__Work to complete__
Find the line with "Source Naturals, Essential" in the entries below. Repeat it, every following line, and the line with "Ancient Nutrition Collagen", exactly and with nothing added.

__Entries provided__
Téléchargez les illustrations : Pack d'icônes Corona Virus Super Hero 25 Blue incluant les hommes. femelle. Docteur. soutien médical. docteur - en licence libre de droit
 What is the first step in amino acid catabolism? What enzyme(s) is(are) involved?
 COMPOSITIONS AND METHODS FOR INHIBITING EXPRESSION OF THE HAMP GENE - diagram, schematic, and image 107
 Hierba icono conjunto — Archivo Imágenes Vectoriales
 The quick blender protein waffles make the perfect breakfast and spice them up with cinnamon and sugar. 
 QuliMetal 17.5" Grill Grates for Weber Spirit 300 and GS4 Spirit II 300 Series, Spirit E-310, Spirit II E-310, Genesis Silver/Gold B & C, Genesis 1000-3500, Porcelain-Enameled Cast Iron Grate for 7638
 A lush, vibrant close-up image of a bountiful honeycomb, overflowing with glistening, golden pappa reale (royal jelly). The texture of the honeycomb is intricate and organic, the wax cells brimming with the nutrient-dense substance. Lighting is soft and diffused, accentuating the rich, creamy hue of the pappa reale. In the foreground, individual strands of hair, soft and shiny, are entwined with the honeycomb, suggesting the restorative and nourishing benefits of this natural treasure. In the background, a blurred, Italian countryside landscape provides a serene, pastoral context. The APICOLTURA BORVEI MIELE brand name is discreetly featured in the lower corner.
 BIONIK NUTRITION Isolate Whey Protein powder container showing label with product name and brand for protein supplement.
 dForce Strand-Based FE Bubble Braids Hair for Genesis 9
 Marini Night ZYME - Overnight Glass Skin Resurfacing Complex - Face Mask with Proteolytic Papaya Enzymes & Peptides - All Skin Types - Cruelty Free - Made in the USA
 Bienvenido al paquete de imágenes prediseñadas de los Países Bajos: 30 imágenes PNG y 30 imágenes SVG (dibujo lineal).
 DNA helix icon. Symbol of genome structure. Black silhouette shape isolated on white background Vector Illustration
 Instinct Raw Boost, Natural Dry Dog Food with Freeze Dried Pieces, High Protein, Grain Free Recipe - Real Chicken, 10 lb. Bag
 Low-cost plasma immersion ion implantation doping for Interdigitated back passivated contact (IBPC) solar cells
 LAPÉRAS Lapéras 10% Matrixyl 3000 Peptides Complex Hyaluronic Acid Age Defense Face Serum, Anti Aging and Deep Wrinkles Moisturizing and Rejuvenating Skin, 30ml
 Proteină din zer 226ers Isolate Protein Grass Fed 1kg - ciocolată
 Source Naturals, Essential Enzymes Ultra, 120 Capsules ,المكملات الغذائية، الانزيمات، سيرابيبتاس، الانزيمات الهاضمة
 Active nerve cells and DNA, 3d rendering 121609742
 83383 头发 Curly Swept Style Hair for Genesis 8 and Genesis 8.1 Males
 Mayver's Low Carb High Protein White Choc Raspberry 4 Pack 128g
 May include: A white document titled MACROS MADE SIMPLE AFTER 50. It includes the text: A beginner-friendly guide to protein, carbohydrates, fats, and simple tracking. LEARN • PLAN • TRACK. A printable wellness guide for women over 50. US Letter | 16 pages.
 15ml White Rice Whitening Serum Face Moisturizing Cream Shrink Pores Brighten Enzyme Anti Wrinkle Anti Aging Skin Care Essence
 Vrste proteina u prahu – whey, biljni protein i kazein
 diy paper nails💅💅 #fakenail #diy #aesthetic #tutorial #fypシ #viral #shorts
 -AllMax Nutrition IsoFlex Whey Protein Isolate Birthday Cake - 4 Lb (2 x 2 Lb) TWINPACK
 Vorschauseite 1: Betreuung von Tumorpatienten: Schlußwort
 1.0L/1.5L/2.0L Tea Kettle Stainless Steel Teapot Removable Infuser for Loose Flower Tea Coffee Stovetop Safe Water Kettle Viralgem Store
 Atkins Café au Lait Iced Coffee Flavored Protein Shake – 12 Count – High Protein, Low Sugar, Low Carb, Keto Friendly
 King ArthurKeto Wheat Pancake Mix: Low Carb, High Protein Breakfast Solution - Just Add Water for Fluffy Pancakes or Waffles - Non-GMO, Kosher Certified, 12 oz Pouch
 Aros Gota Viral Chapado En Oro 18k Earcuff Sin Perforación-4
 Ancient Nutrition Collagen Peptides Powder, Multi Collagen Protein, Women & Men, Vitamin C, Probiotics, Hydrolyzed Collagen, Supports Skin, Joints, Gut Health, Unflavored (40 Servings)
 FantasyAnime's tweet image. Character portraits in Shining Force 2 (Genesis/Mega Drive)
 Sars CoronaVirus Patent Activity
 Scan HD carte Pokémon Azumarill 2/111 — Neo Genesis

__Response for this exercise__
 Source Naturals, Essential Enzymes Ultra, 120 Capsules ,المكملات الغذائية، الانزيمات، سيرابيبتاس، الانزيمات الهاضمة
 Active nerve cells and DNA, 3d rendering 121609742
 83383 头发 Curly Swept Style Hair for Genesis 8 and Genesis 8.1 Males
 Mayver's Low Carb High Protein White Choc Raspberry 4 Pack 128g
 May include: A white document titled MACROS MADE SIMPLE AFTER 50. It includes the text: A beginner-friendly guide to protein, carbohydrates, fats, and simple tracking. LEARN • PLAN • TRACK. A printable wellness guide for women over 50. US Letter | 16 pages.
 15ml White Rice Whitening Serum Face Moisturizing Cream Shrink Pores Brighten Enzyme Anti Wrinkle Anti Aging Skin Care Essence
 Vrste proteina u prahu – whey, biljni protein i kazein
 diy paper nails💅💅 #fakenail #diy #aesthetic #tutorial #fypシ #viral #shorts
 -AllMax Nutrition IsoFlex Whey Protein Isolate Birthday Cake - 4 Lb (2 x 2 Lb) TWINPACK
 Vorschauseite 1: Betreuung von Tumorpatienten: Schlußwort
 1.0L/1.5L/2.0L Tea Kettle Stainless Steel Teapot Removable Infuser for Loose Flower Tea Coffee Stovetop Safe Water Kettle Viralgem Store
 Atkins Café au Lait Iced Coffee Flavored Protein Shake – 12 Count – High Protein, Low Sugar, Low Carb, Keto Friendly
 King ArthurKeto Wheat Pancake Mix: Low Carb, High Protein Breakfast Solution - Just Add Water for Fluffy Pancakes or Waffles - Non-GMO, Kosher Certified, 12 oz Pouch
 Aros Gota Viral Chapado En Oro 18k Earcuff Sin Perforación-4
 Ancient Nutrition Collagen Peptides Powder, Multi Collagen Protein, Women & Men, Vitamin C, Probiotics, Hydrolyzed Collagen, Supports Skin, Joints, Gut Health, Unflavored (40 Servings)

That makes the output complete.